(Data excerpts)
▶

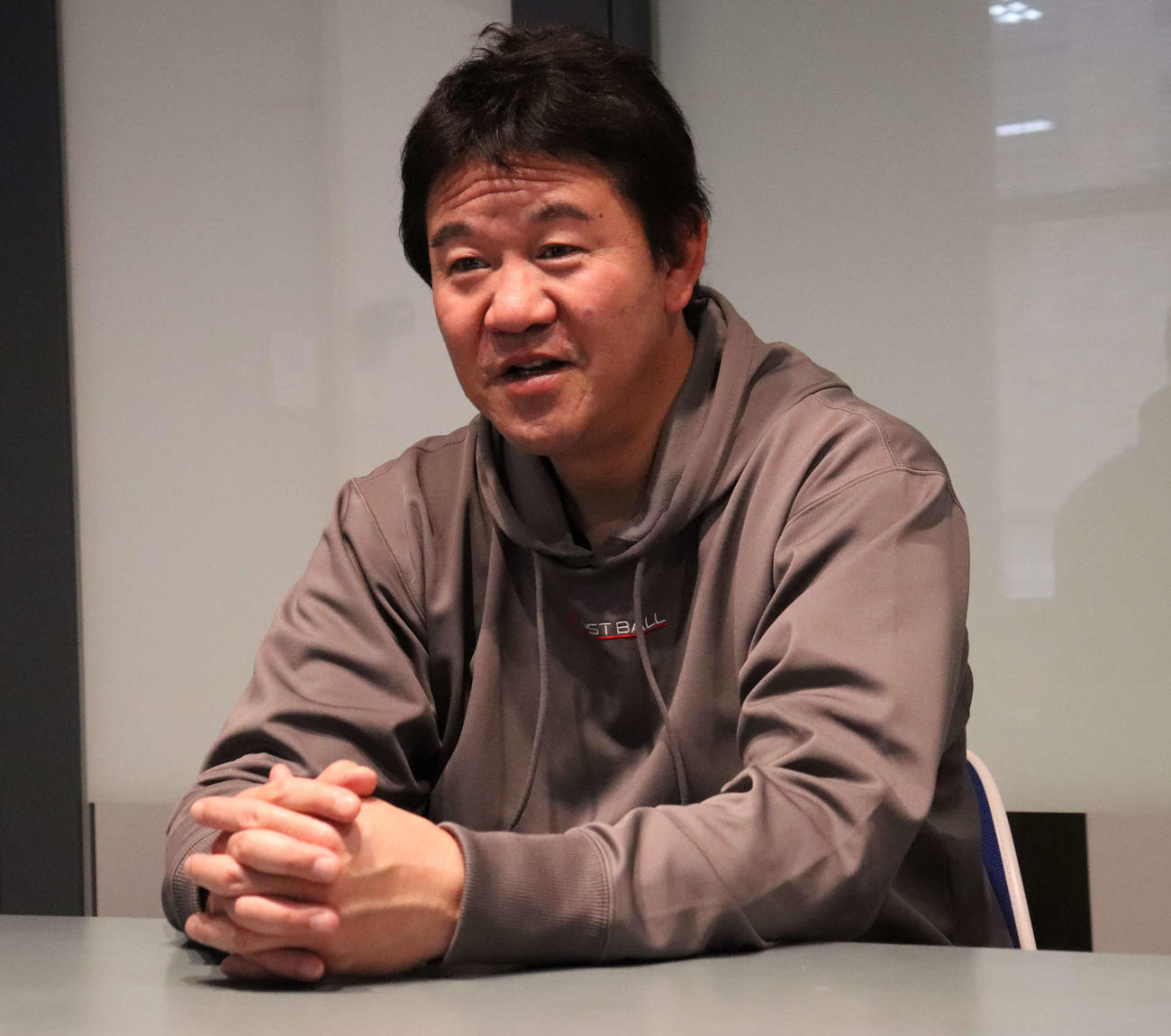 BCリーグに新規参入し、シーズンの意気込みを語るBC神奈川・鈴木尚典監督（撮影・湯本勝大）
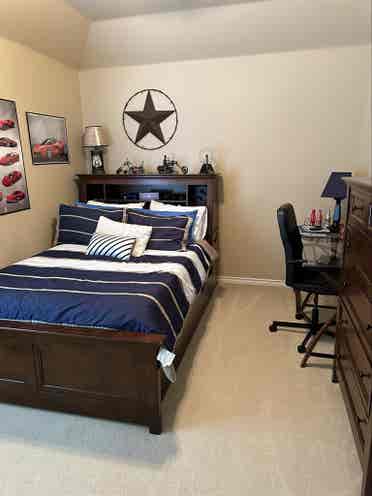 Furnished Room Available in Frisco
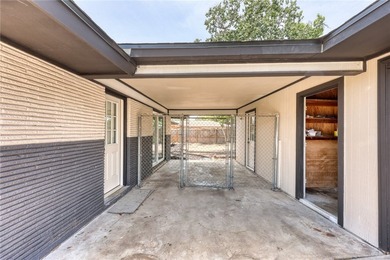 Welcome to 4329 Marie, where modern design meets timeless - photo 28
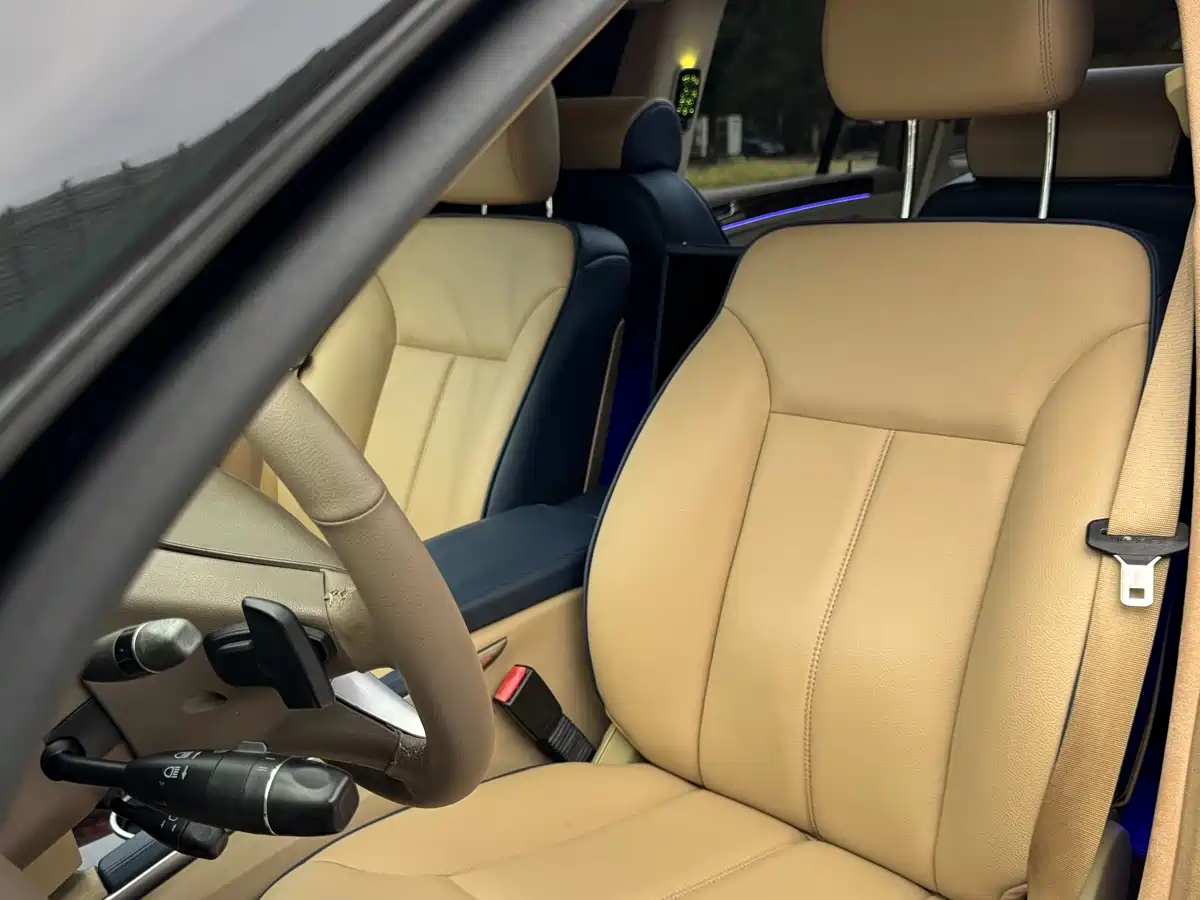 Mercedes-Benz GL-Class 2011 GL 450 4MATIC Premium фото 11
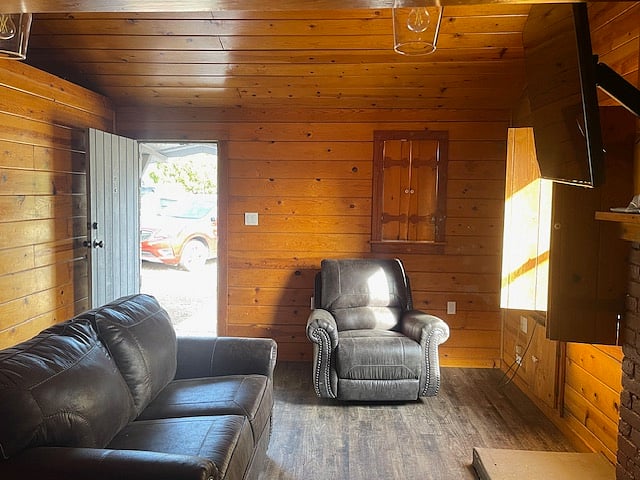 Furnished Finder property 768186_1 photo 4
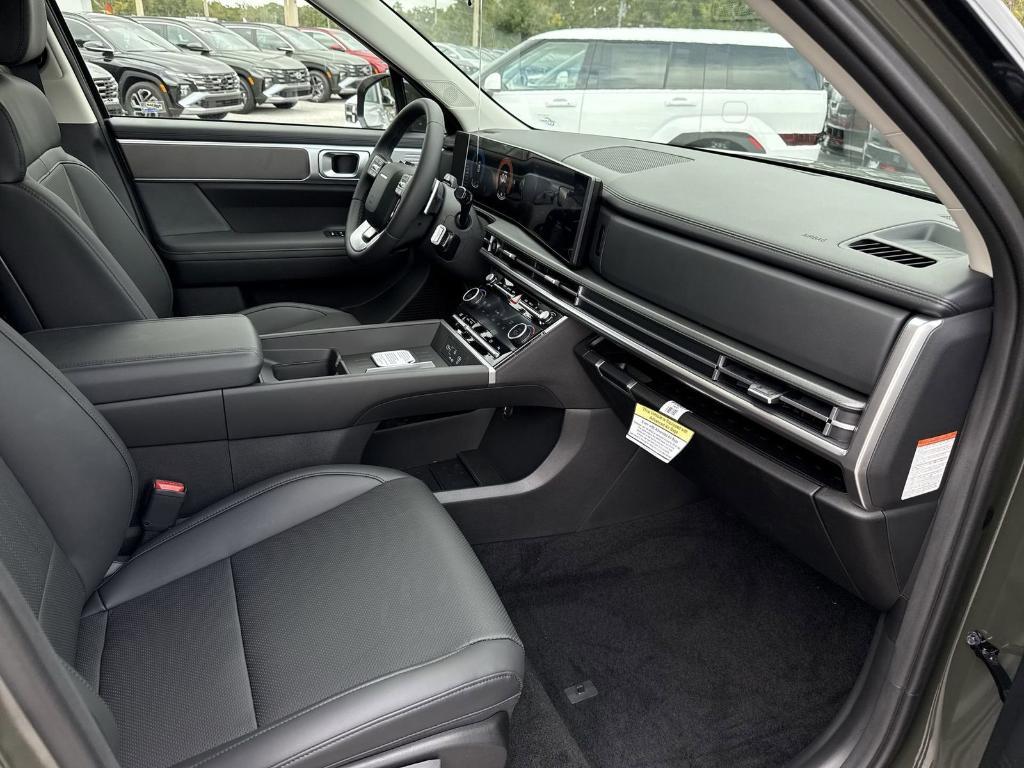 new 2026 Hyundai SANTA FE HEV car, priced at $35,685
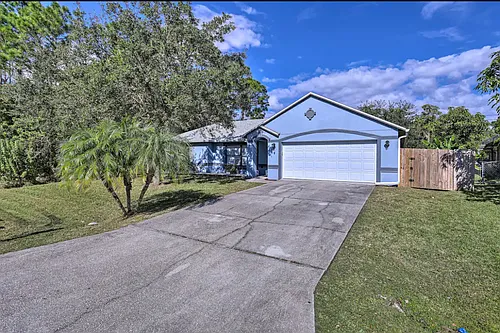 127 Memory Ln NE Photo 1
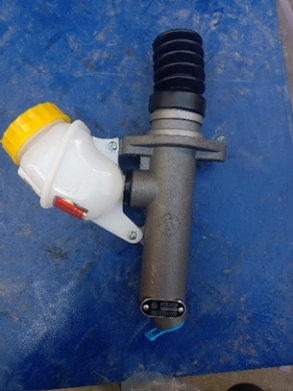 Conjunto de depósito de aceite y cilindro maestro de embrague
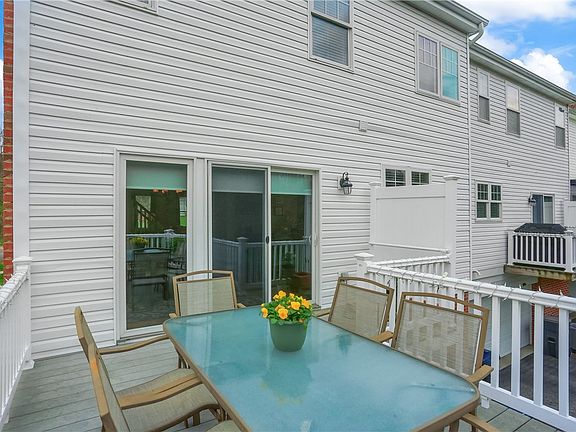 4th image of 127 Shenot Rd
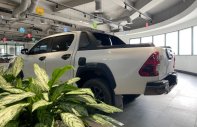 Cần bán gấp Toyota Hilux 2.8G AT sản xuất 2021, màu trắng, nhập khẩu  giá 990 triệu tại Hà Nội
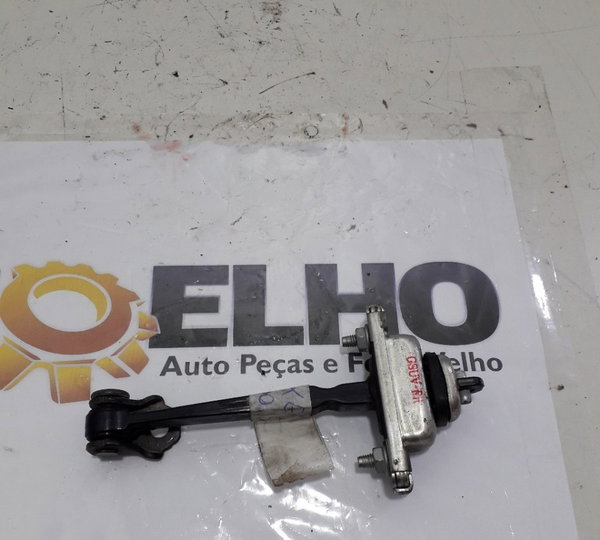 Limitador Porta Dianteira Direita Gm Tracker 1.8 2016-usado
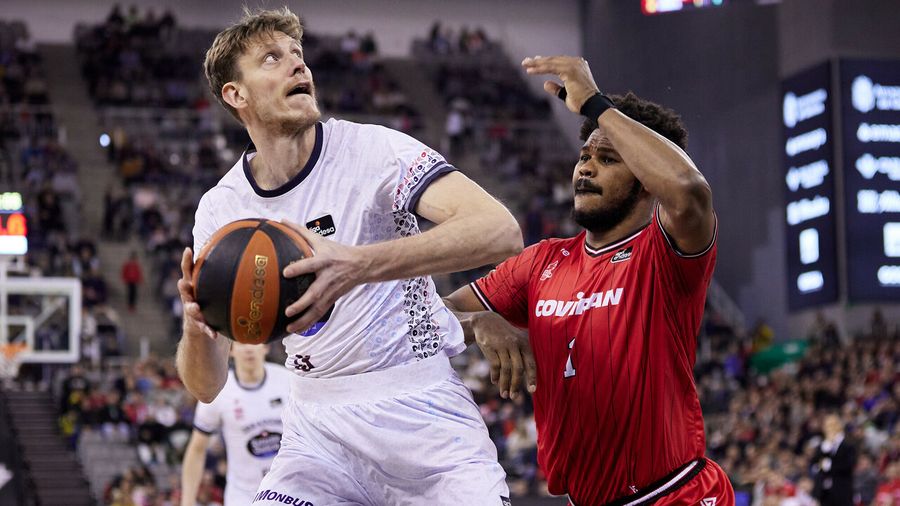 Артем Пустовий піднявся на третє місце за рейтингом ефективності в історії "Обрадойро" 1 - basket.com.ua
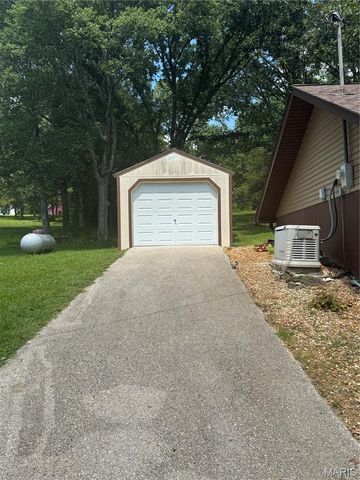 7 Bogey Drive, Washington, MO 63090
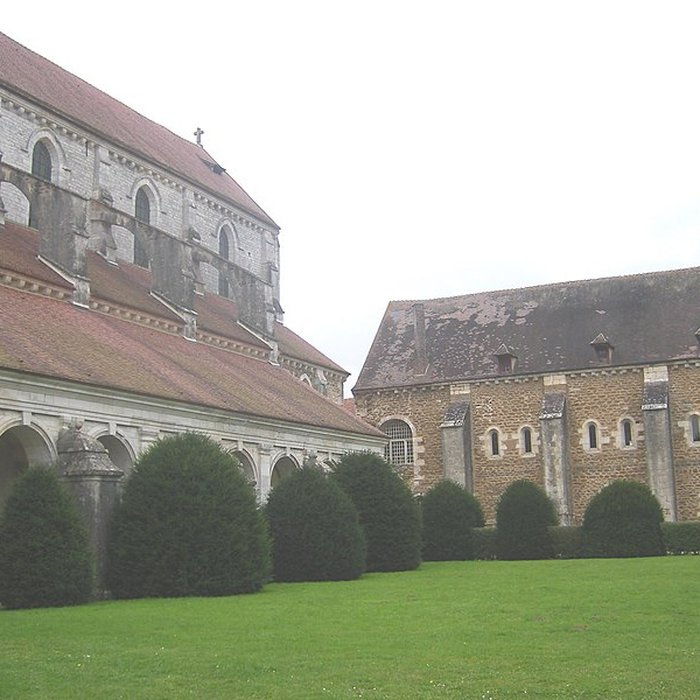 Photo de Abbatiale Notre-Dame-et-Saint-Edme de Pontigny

◀

→ What to do:
Keep the pictures out, and write out the rest of the data above word for word.

→ Answer area:
 BCリーグに新規参入し、シーズンの意気込みを語るBC神奈川・鈴木尚典監督（撮影・湯本勝大）
 Furnished Room Available in Frisco
 Welcome to 4329 Marie, where modern design meets timeless - photo 28
 Mercedes-Benz GL-Class 2011 GL 450 4MATIC Premium фото 11
 Furnished Finder property 768186_1 photo 4
 new 2026 Hyundai SANTA FE HEV car, priced at $35,685
 127 Memory Ln NE Photo 1
 Conjunto de depósito de aceite y cilindro maestro de embrague
 4th image of 127 Shenot Rd
 Cần bán gấp Toyota Hilux 2.8G AT sản xuất 2021, màu trắng, nhập khẩu  giá 990 triệu tại Hà Nội
 Limitador Porta Dianteira Direita Gm Tracker 1.8 2016-usado
 Артем Пустовий піднявся на третє місце за рейтингом ефективності в історії "Обрадойро" 1 - basket.com.ua
 7 Bogey Drive, Washington, MO 63090
 Photo de Abbatiale Notre-Dame-et-Saint-Edme de Pontigny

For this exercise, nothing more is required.